Wednesday, March 22, 2006

where ya at?

While combing through the tundra that is Youtube, I've come across a ton of hip-hop videos from defunct artists whose whereabouts are unknown. This poses a bit of a dire problem since their services are needed now more than ever in this climate of poorly executed rap music (i.e. "Laffy Taffy," "It's Hard Out Here For a Pimp"). Here's a list of hip-hop groups and emcees who need to get over their first time failures and kick a little skill in the game:

Name: Da Bush Babees
Bio: Aligned themselves with Jermaine Dupri for debut album "Ambushed," which scored two respectable singles. They had enough clout to drop the midget and hook up with the Native Tongues for their sophomore record. Some guy named Mos Def was on that record, too.

Name: B.U.M.S.
Bio: Despite the fact they were rocking an acronym name three years after it was cool, the B.U.M.S. (or Brothas Unda Mad Stress) released a hot album in the form of "Lyfe N Tyme." They were the buzz of the west coast and that's pretty much all.

Name: Bahamadia
Bio: The lone female link between DJ Premier and the Roots, Philly thoroughbred Bahamadia has one of the best hip-hop albums with 1996's "Kollage." Period.

Name: Ed O.G. & Da Bulldogs
Bio: An early underground sensation, Ed O.G. spit conscious raps that was seemingly inspired by marathons of "A Different World." I'd imagine his journalist counterpart is Kevin Powell. Anyway, a few years ago he had a hot single produced by Pete Rock showing that nearly 15 years later, he could still take cats out.

Name: Masta Ace Inc.
Bio: Masta Ace is still around and probably putting out the best music of his career, yet his most relevant music were the two albums he released with Leshea, Lord Digga and Paula Perry, collectively known as Masta Ace Incorporated. "Sittin' On Chrome" and "Slaughtahouse" bridge the brashness of east coast emcees with the occasionally smoothed out, mostly bass heavy sounds of the west coast.

Name: Anotha Level
Bio: A bunch of Ice Cube's cousins got together to form a supergroup of mediocre rappers who rap over good beats. They were like the Pharcyde-lite, and as is such, I see a better chance of getting these guys together than reuniting the original four members of the 'Cyde.

Name: Boss
Bio: A tough female gangsta rapper from the early 90's. I'm too scared to make fun of her, but she had an awesome single called "Recipie of a Hoe" that's just classic.

Name: Rappin' 4-Tay
Bio: Unlike most of his Yay Area counterparts, Rappin' 4-Tay (nee: Anthony Forte) was a little bit more smoothed out and thus, easier to listen to. You might remember his slick, slick single "Playaz Club."

Name: Smoothe Da Hustla & Trigga Da Gambla
Bio: Known mostly for their duet "Broken Language," brother duo Smoothe and Trigga were pretty strong emcees in their own right.
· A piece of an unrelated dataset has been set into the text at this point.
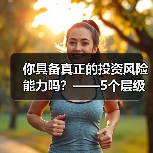 你具备真正的投资风险能力吗?——5个层级帮你精准定位(图4) 你具备真正的投资风险能力吗?——5个层级帮你精准定位(图4)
They rapped about drugs, guns and all that other stuff that Mobb Deep did, but they were a little bit more inept with their word play and style.

Name: Camp Lo
Bio: If these guys were still putting out records now, they'd be the hipsters of hip-hop. They embraced the 70's style like it's nobody's business. On top of that, they got guest spots from De La, Kid Capri, and Rev. Run on their first album, but this was back in 1997, so you know they were hangin' tough (word to New Kids).

Tuesday, March 21, 2006

men, women & sucks!

Men, Women & Children
"Men, Women & Children"

When I first put this CD in my computer, I didn't know what to really think. Halfway through the opening song "Dance In My Blood," I started to think that it was okay. Then I heard the rest of the album and asked my coworkers "Is there a toilet around here because there's a piece of shit on my desk?!"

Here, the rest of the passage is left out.